|Title||Identification and characterization of metabolite quantitative trait loci in tomato leaves and comparison with those reported for fruits and seeds|
|Author(s)||Nunes-Nesi, Adriano; Alseekh, Saleh; Oliveira Silva, Franklin Magnum de; Omranian, Nooshin; Lichtenstein, Gabriel; Mirnezhad, Mohammad; González, Roman R.R.; y Garcia, Julia Sabio; Conte, Mariana; Leiss, Kirsten A.; Klinkhamer, Peter G.L.; Nikoloski, Zoran; Carrari, Fernando; Fernie, Alisdair R.|
|Source||Metabolomics 15 (2019)4. - ISSN 1573-3882|
|Department(s)||GTB Gewasgez. Bodem en Water|
|Publication type||Refereed Article in a scientific journal|
|Keyword(s)||Leaf metabolism - Metabolite network - Metabolite QTL - Tomato|
Introduction: To date, most studies of natural variation and metabolite quantitative trait loci (mQTL) in tomato have focused on fruit metabolism, leaving aside the identification of genomic regions involved in the regulation of leaf metabolism. Objective: This study was conducted to identify leaf mQTL in tomato and to assess the association of leaf metabolites and physiological traits with the metabolite levels from other tissues.
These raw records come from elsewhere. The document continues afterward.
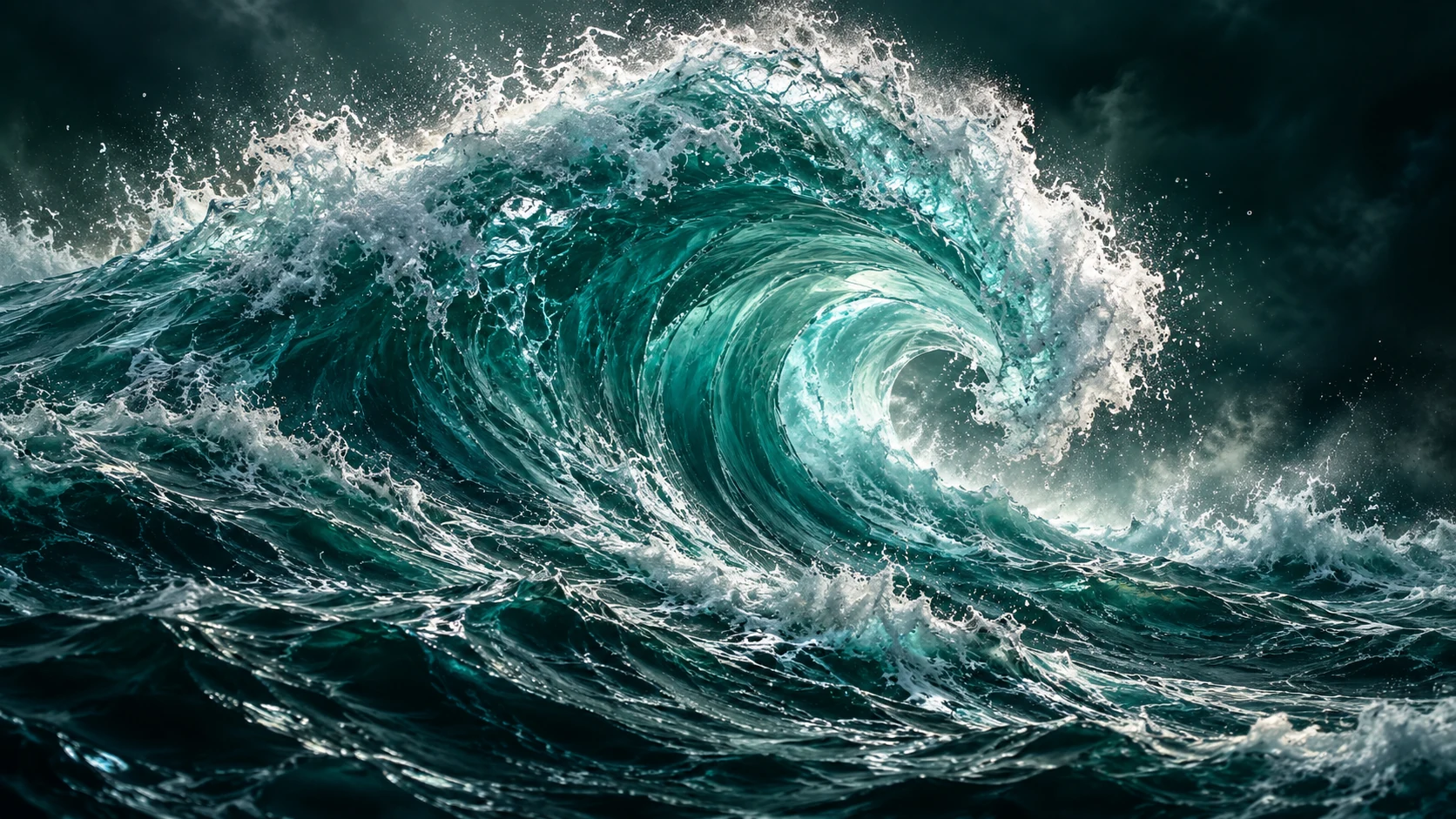 Una gran ola turquesa se eleva entre espuma y gotas de agua.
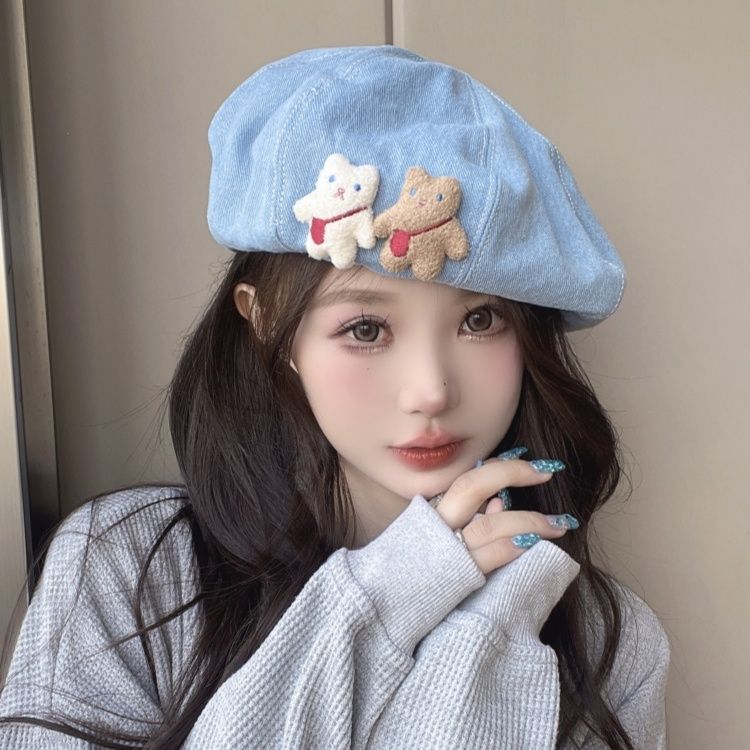 帽子 レディース くまちゃん飾り付きデニムベレー帽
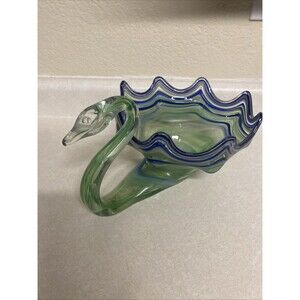 Vintage Green And Blue Swirl Art Glass Swan Bowl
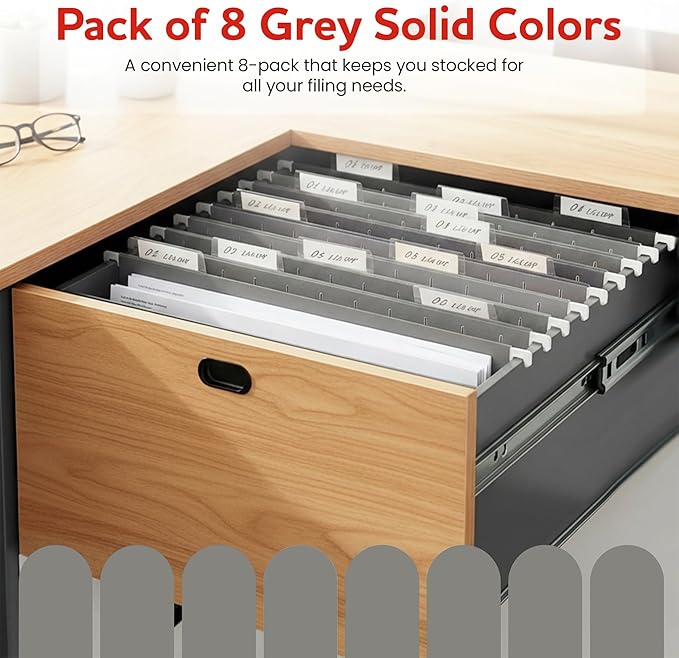 Grey Hanging File Folders – 8 Pack, Letter Size File Organization Folders for Home, Office, School & Filing Cabinets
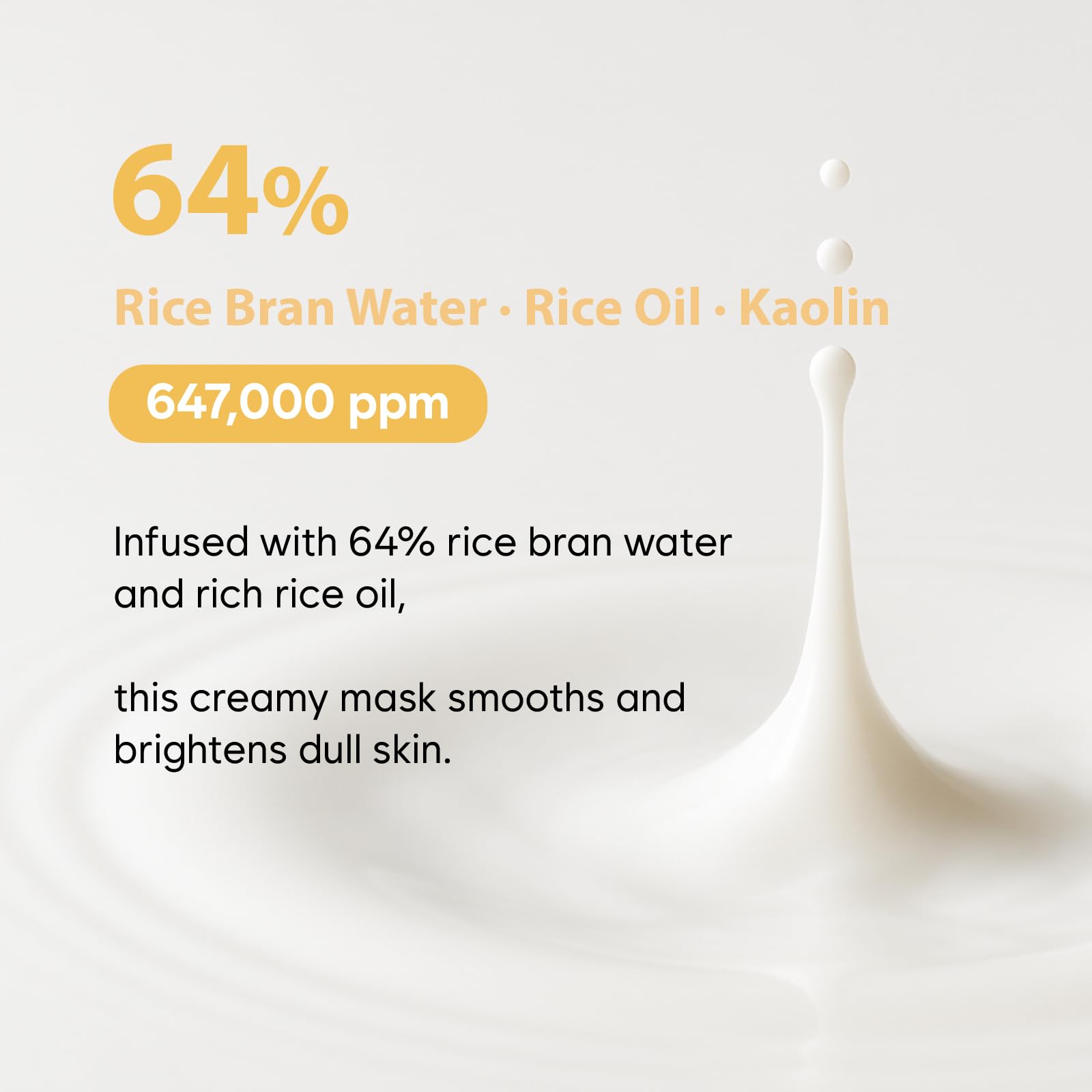 MIDHA Rice Mask – Hydrating, Smoothing Wash-off Facial Mask with 64% Rice Bran Water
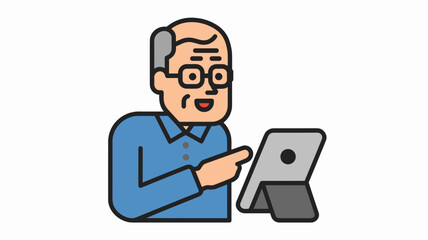 Elderly man with tablet, digital inclusion for seniors, online communication concept.
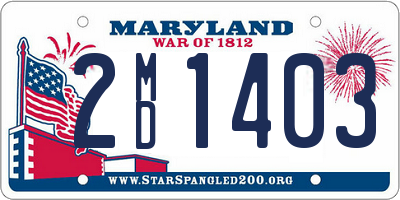 MD license plate 2MD1403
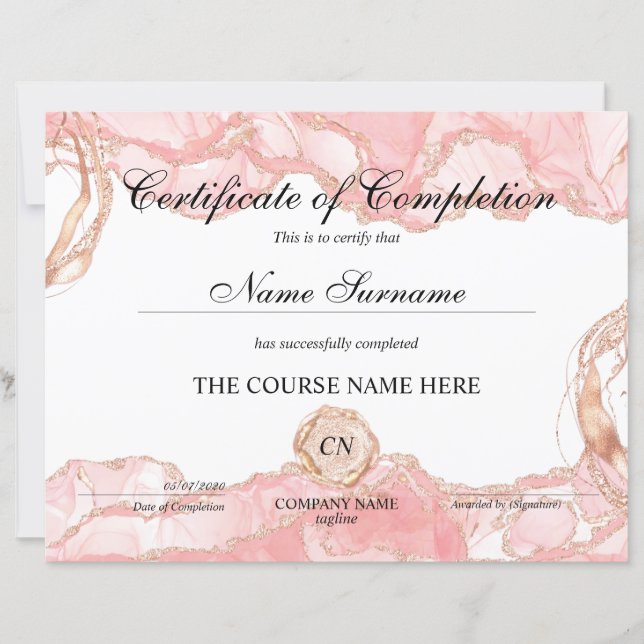 Papier Certificat de fin de cours (Devant)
Methods: The analysis of components of leaf metabolism was performed by phenotypying 76 tomato ILs with chromosome segments of the wild species Solanum pennellii in the genetic background of a cultivated tomato (S. lycopersicum) variety M82. The plants were cultivated in two different environments in independent years and samples were harvested from mature leaves of non-flowering plants at the middle of the light period. The non-targeted metabolite profiling was obtained by gas chromatography time-of-flight mass spectrometry (GC-TOF-MS). With the data set obtained in this study and already published metabolomics data from seed and fruit, we performed QTL mapping, heritability and correlation analyses. Results: Changes in metabolite contents were evident in the ILs that are potentially important with respect to stress responses and plant physiology. By analyzing the obtained data, we identified 42 positive and 76 negative mQTL involved in carbon and nitrogen metabolism. Conclusions: Overall, these findings allowed the identification of S. lycopersicum genome regions involved in the regulation of leaf primary carbon and nitrogen metabolism, as well as the association of leaf metabolites with metabolites from seeds and fruits.